EXTRACTED ENTRIES:
>>>
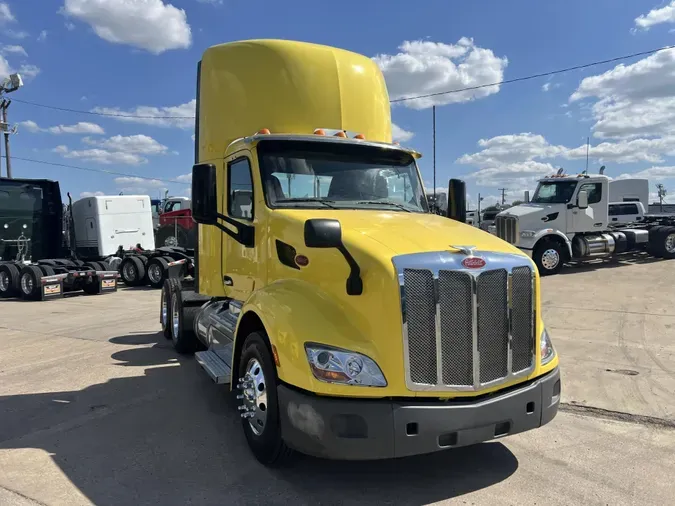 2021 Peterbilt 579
<<<
>>>
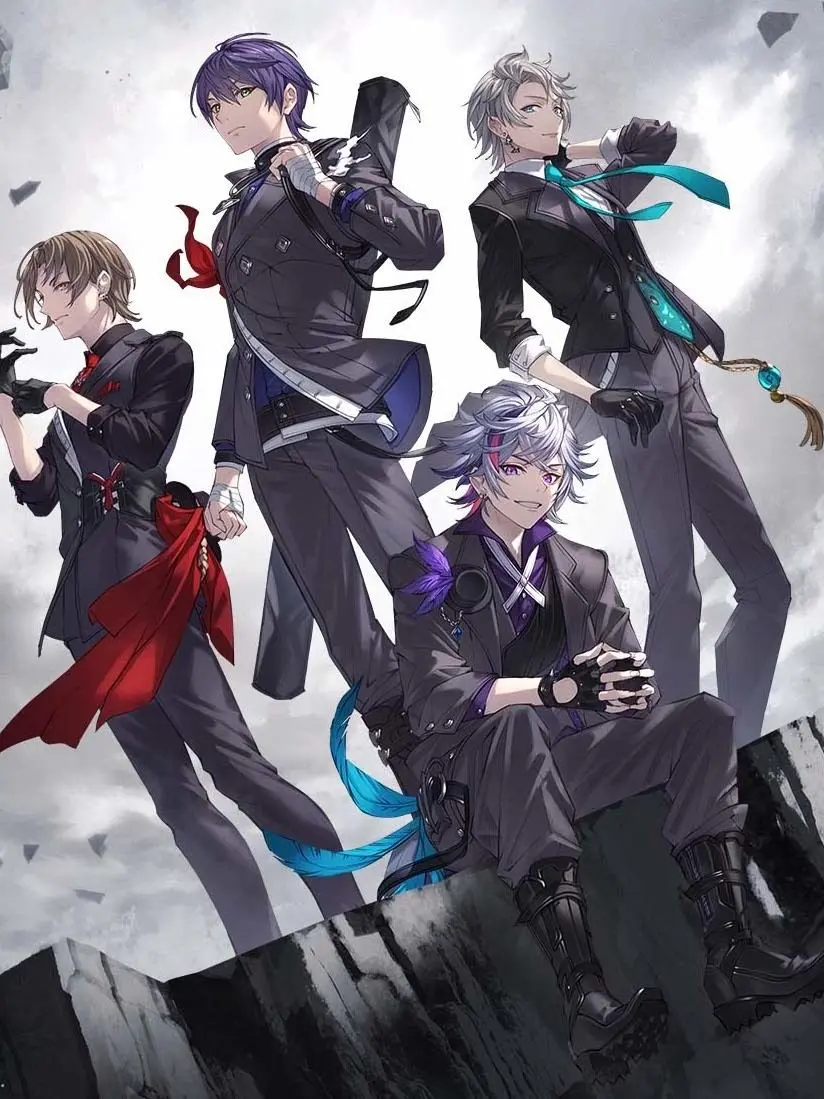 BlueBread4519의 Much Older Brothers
<<<
>>>
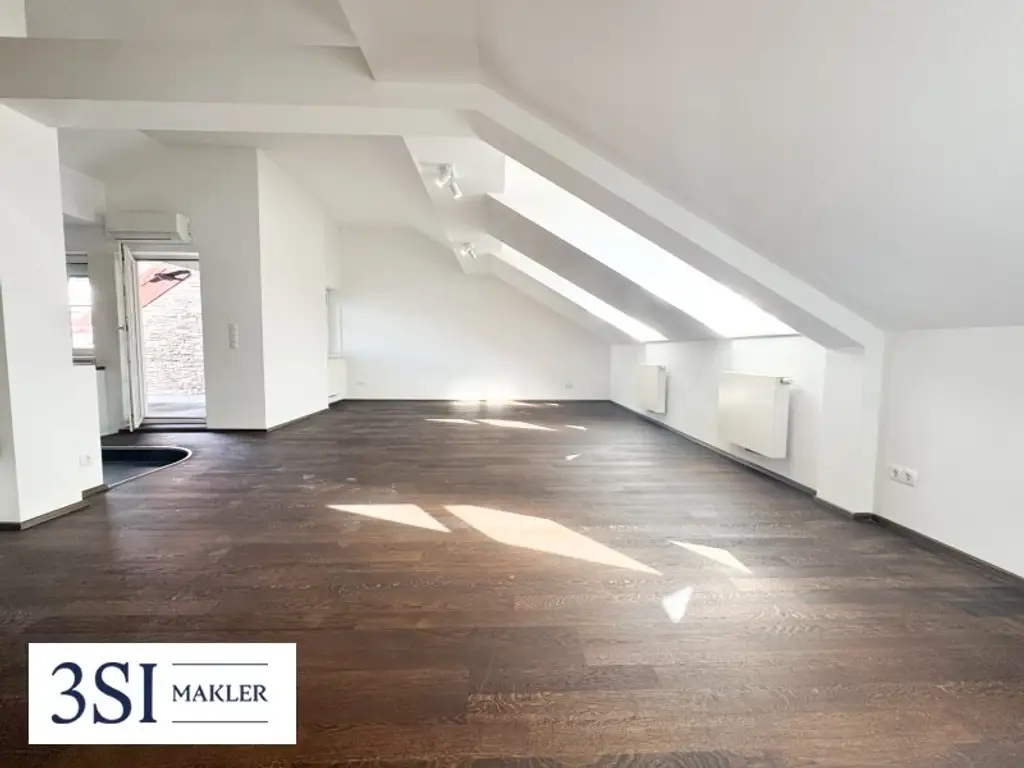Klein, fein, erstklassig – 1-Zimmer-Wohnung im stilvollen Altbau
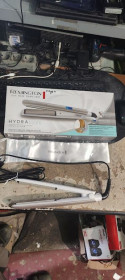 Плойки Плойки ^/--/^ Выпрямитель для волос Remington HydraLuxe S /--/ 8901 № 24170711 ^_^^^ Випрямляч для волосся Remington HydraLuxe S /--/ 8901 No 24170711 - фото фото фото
<<<
THE TASK:
With pictures omitted, repeat the entries above word for word from the line holding "Klein, fein, erstklassig" down to the line holding "Плойки Плойки ^/--/^", keeping both of those lines.

ANSWER TO THIS TASK:
Klein, fein, erstklassig – 1-Zimmer-Wohnung im stilvollen Altbau
 Плойки Плойки ^/--/^ Выпрямитель для волос Remington HydraLuxe S /--/ 8901 № 24170711 ^_^^^ Випрямляч для волосся Remington HydraLuxe S /--/ 8901 No 24170711 - фото фото фото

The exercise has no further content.